2) Block storage is not a cloud-friendly technology.
EC2, S3, and other AWS services have grown much more stable, reliable, and performant over the four years we’ve been using them. EBS, unfortunately, has not improved much, and in fact has possibly gotten worse. Amazon employs some of the best infrastructure engineers in the world: if they can’t make it work, then probably no one can. Block storage has physical locality that can’t easily be transferred. That makes it not a cloud-friendly technology. With this information in hand, we’ll be taking a hard look on how to reduce our dependence on EBS.

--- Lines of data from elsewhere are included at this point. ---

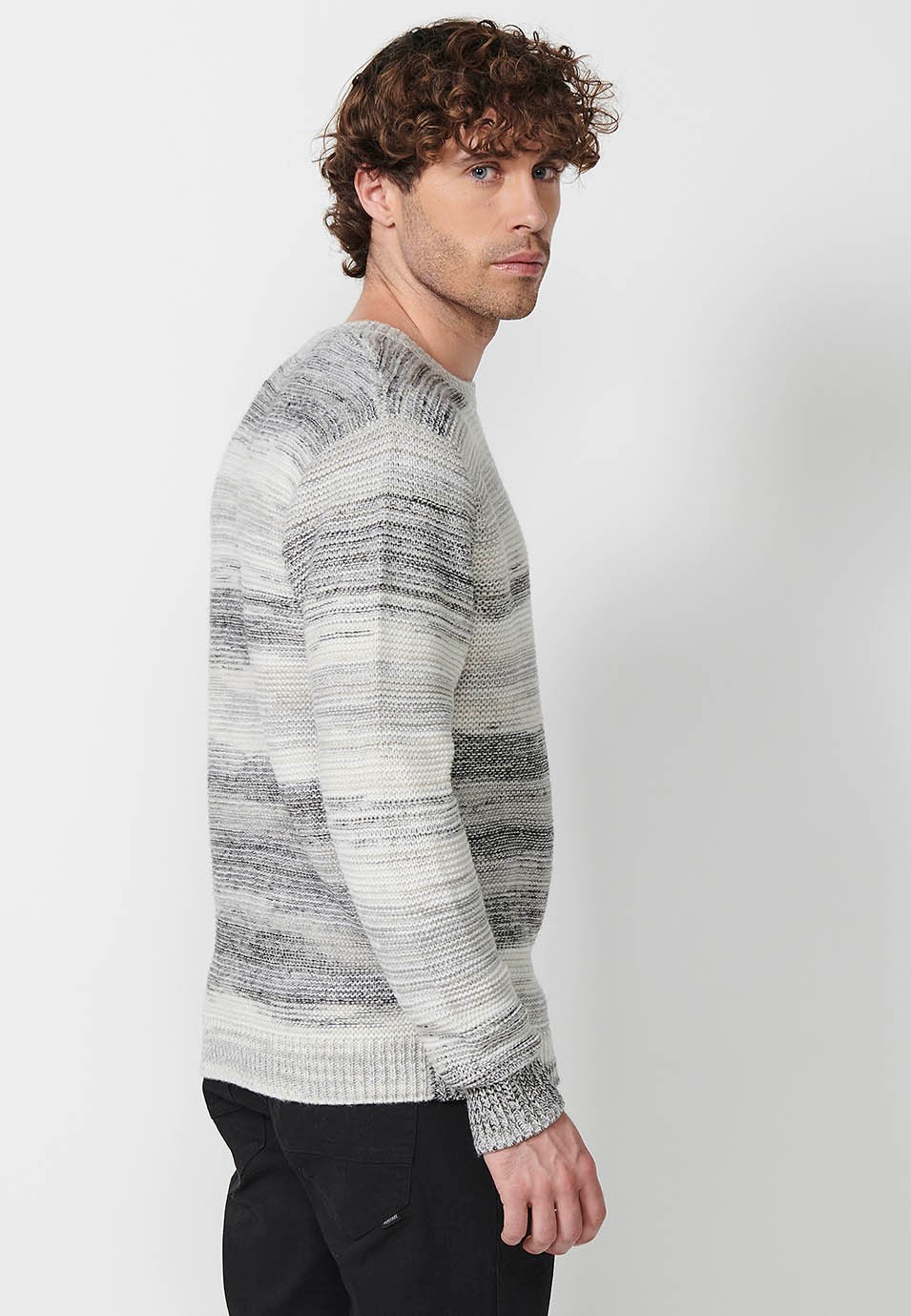 Jersey tricot de manga larga acabado en rib con cuello redondo para hombre de color crudo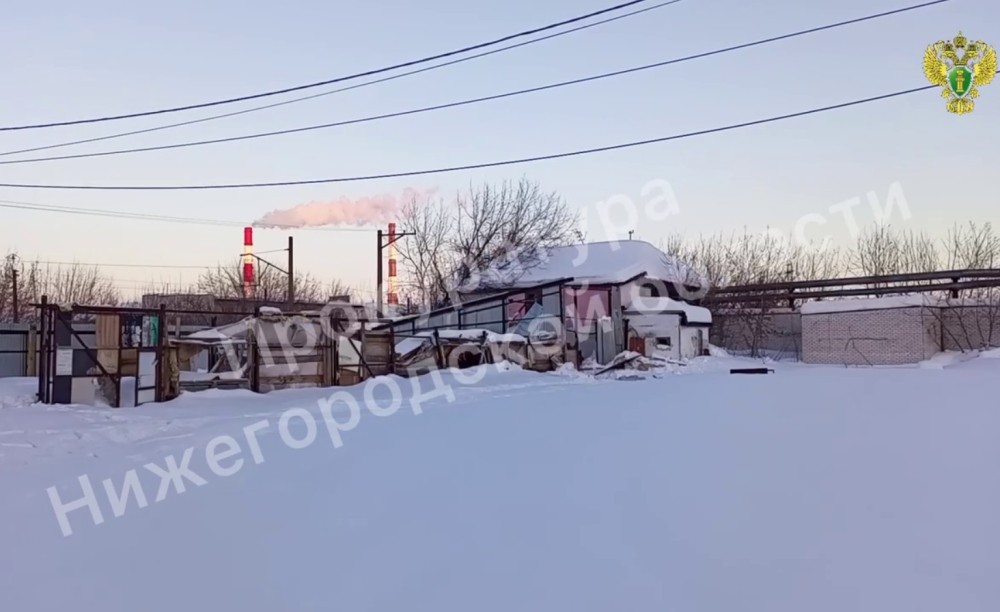 Погибшим в результате обрушения крыши в Нижнем Новгороде оказался подросток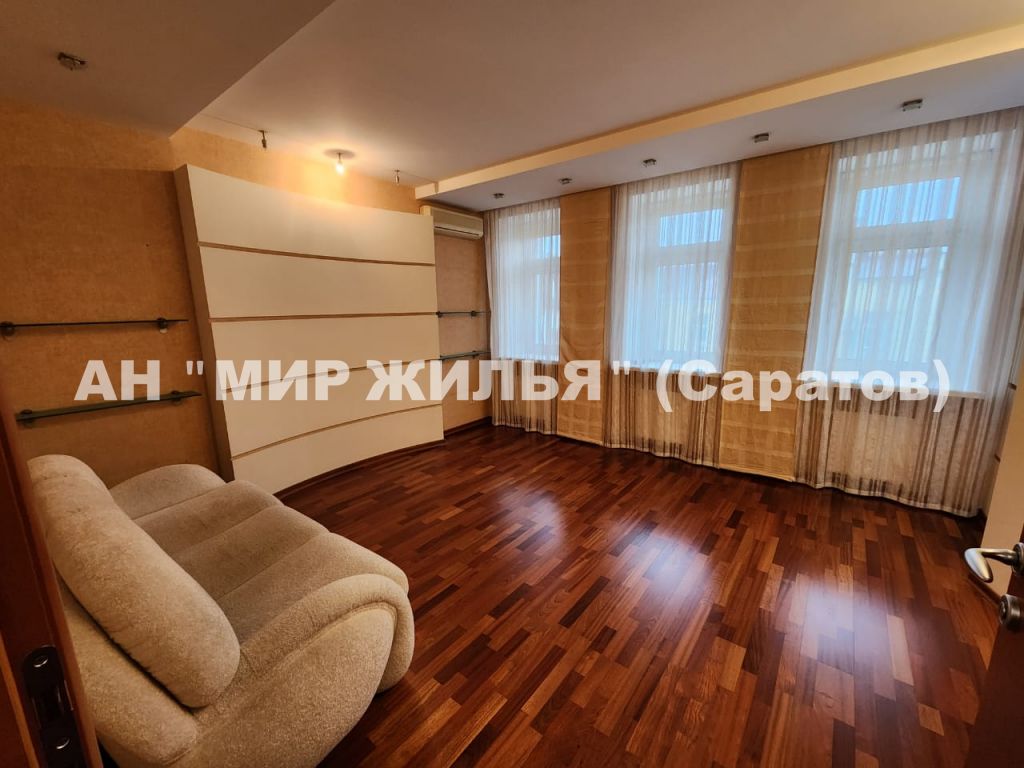 Аренда 4-комнатной квартиры, Саратов, Большая Казачья ул,  16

3) Continuous database backups for all.
One reason why we were able to fix the dedicated databases quicker has to do with the way that we do backups on them. In the new Heroku PostgreSQL service, we have a continuous backup mechanism that allows for automated recovery of databases. Once we were able to provision new instances, we were able to take advantage of this to quickly recover the dedicated databases that were down with EBS problems.
We have been porting this continuous backup system to our shared database servers for some time and were finishing up testing at the time of the outage. We’ve previously relied on point backups of individual databases in the event of a failure rather than the continuous full server backups that the new system makes use of. We are in the process of rolling out this updated backup system to all of our shared database servers; it’s already running on some of them and we are aiming to have it deployed to the remainder of our fleet in the next two weeks.
This outage was not acceptable. We don’t want to ever put our customers through something like this again and we’re working as hard as we can on making sure that we won’t ever have to. The level of support and patience we received from customers who had every right to be frustrated was amazing. We appreciate your trust in us and we’re going to live up to it.
On the bright side, we couldn’t be more proud of the work of our Ops, Database, and Support teams, and all of our engineers during this incident. Whether or not AWS suffers an outage of this magnitude ever again, we’re glad to have the extra impetus to build Heroku into an ever-more resilient platform.